> Exercise prompt:
Every line from the one containing "Mercedes-Benz GLB GLB 250 4MATIC SUV 2021" through the end of the listing below goes in the output, exactly and without pictures.

■ ■ ■

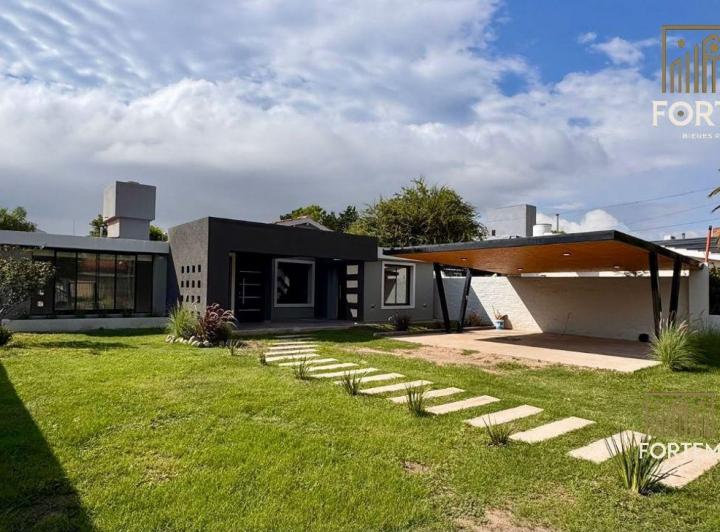 Casa · 206m² · 8 Ambientes · 1 Cochera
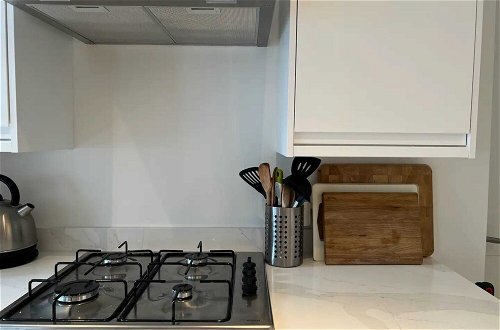 Photo 9 - Spacious and Bright 1 Bedroom Flat in Notting Hill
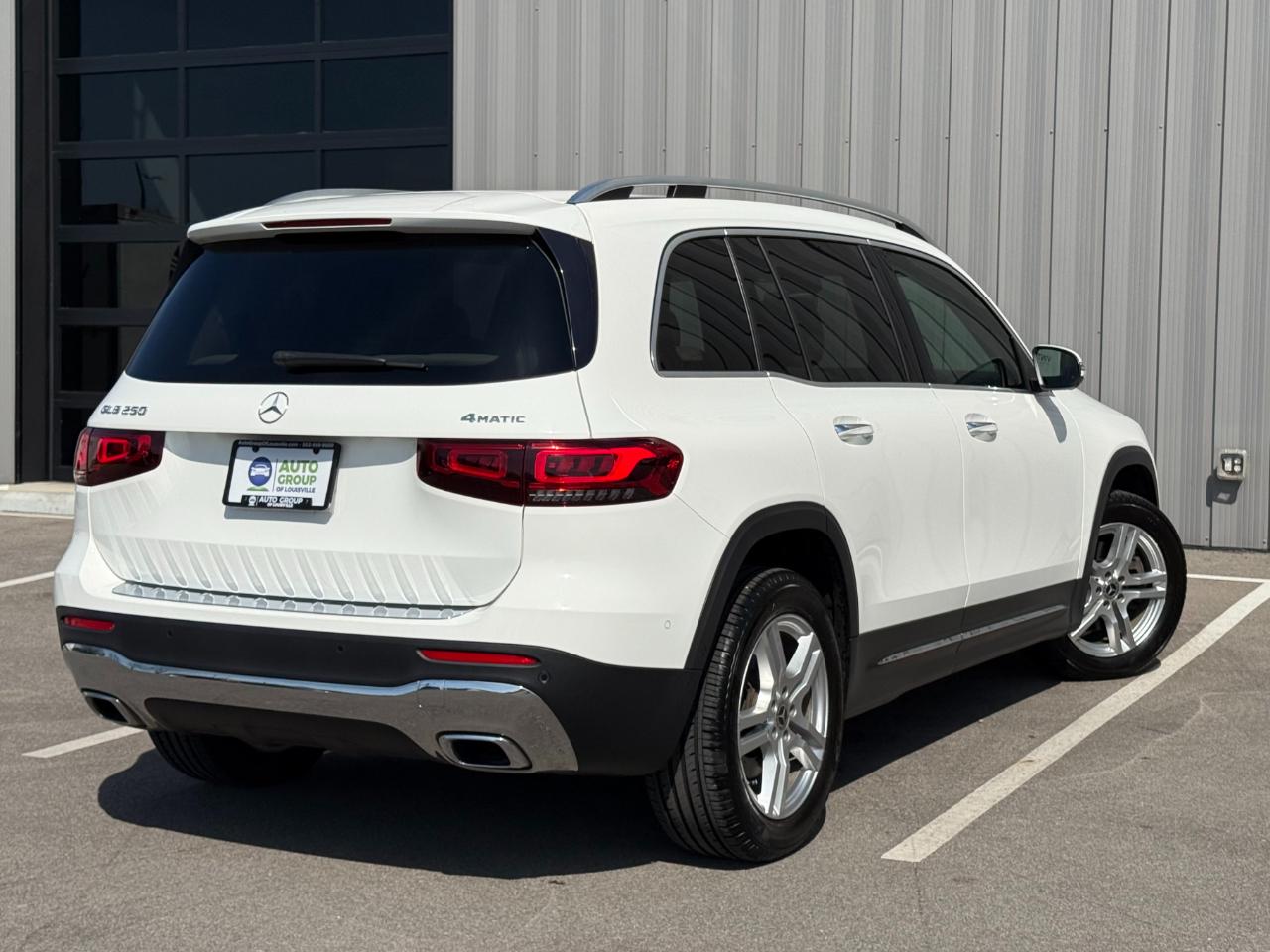 Mercedes-Benz GLB GLB 250 4MATIC SUV 2021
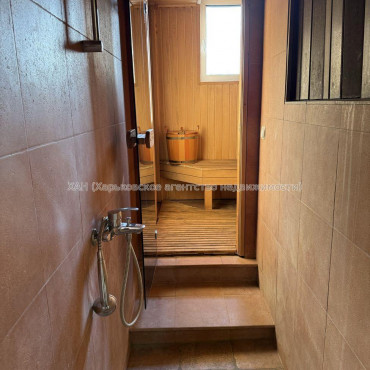 Продам квартиру, Пушкинский въезд , 4  ком., 150 м², капитальный ремонт 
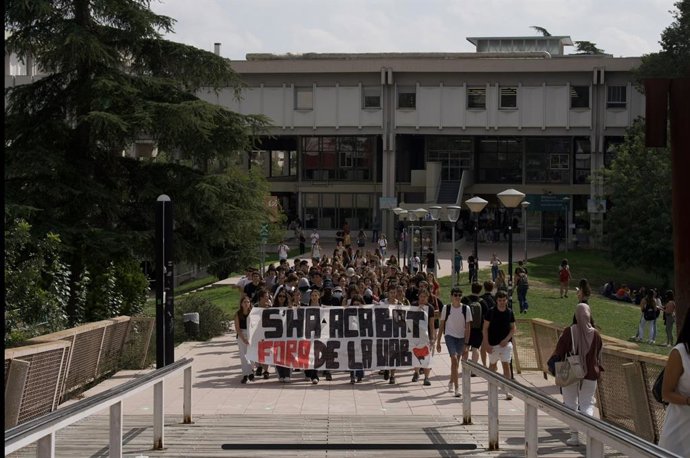 Imatge de la concentració en contra de 'S'ha acabat!'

■ ■ ■

> Response to the exercise:
 Mercedes-Benz GLB GLB 250 4MATIC SUV 2021
 Продам квартиру, Пушкинский въезд , 4  ком., 150 м², капитальный ремонт 
 Imatge de la concentració en contra de 'S'ha acabat!'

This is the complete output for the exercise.